Mit diesem «Betreuungsunterhalt» wollte das Parlament verhindern, dass Kinder nicht verheirateter Eltern mangels Ehegattenunterhalt benachteiligt werden. Die Umsetzung hat die Politik allerdings weitgehend der Praxis überlassen.
Schwierige Berechnung
Nach einem anfänglichen Chaos, als der Unterhalt je nach Kanton unterschiedlich berechnet wurde, hat das Bundesgericht klärende Urteile gefällt und eine einheitliche Berechnungsmethode für die ganze Schweiz festgelegt.
Grundsätzlich hat sich die Einführung des Betreuungsunterhalts für alle Kinder bewährt.
Die Einführung des Betreuungsunterhalts für alle Kinder habe sich grundsätzlich bewährt, bilanziert Diego Stoll, Anwalt für Familienrecht. Die Umsetzung in der Praxis habe allerdings dazu geführt, dass die Unterhaltsberechnungen insgesamt nach heutigem Recht viel komplizierter seien als früher.
Falsche Anreize
Doch nicht alle finden das neue System gerecht. Bei einer Umfrage von SRF bei getrennten Eltern sowie Organisationen kamen Anreize zum Vorschein, die bei der Revision wohl kaum gewollt waren. So ist laut Gerichten zum Beispiel kein Betreuungsunterhalt geschuldet, wenn der allein betreuende Elternteil – meist die Mutter – mit einer Teilzeitarbeit das Existenzminimum sichern kann. Sie erhält also kein Geld für ihren Lohnausfall durch Betreuung.
Diese Rechtsprechung führt dazu, dass man einer gutverdienenden Mutter aus finanzieller Sicht fast raten müsste, entweder ganz zu Hause zu bleiben oder die Kinder Vollzeit in Fremdbetreuung zu geben.
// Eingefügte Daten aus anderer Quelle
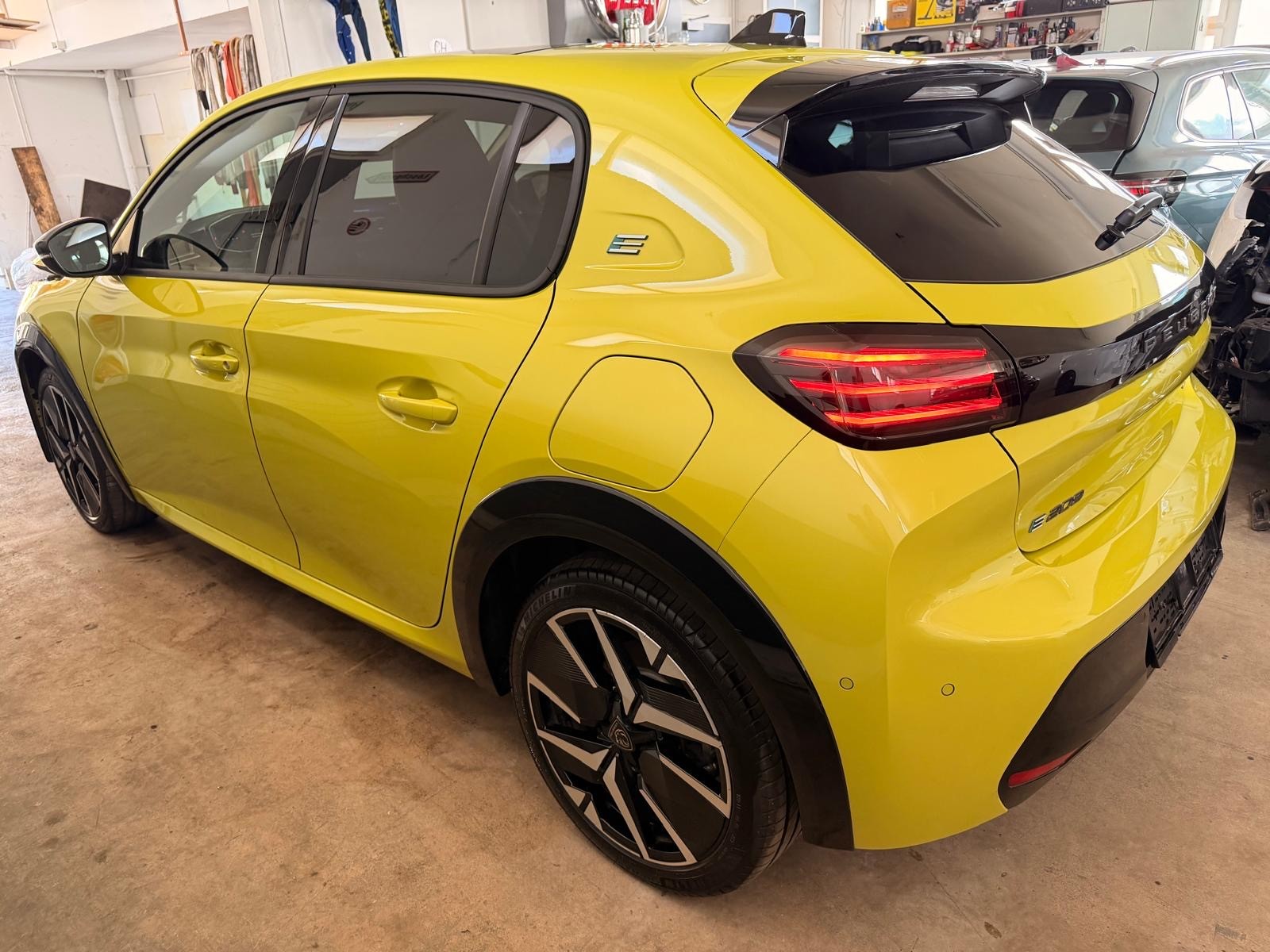 PEUGEOT 208 Elektrik 115kW GT-image-4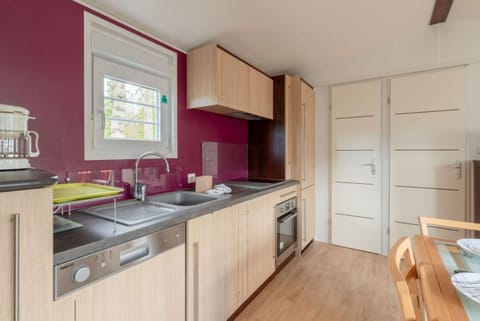 Kitchen or kitchenette, Dining area, dishwasher, minibar, pet friendly, stove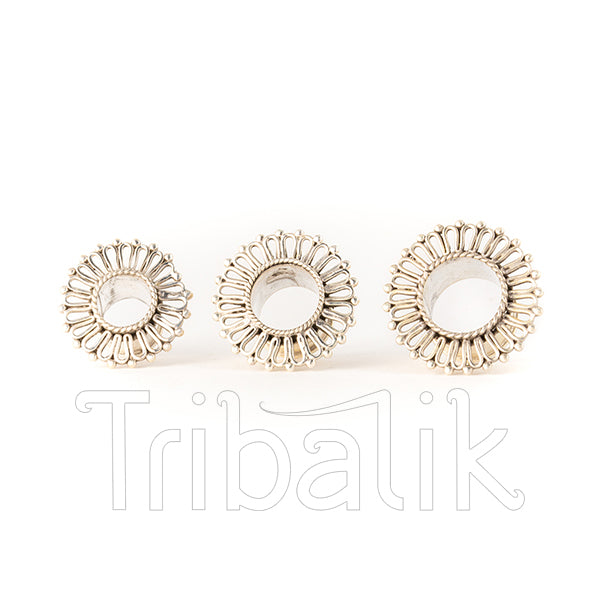 Mantaray Silver Light Flower Ear Tunnel - 4mm - 14mm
Denn wenn sie Vollzeit arbeitet, hat sie einen vollen Lohn – und an der teuren Kinderkrippe muss sich der Vater via Barunterhalt beteiligen.
Für Geringverdienende wiederum schafft der Betreuungsunterhalt einen Anreiz, die Kinder möglichst allein zu betreuen – ohne den anderen Elternteil.
Meine Ex-Freundin will die Obhut des Kindes nicht teilen, weil sie dann keinen Betreuungsunterhalt mehr bekäme.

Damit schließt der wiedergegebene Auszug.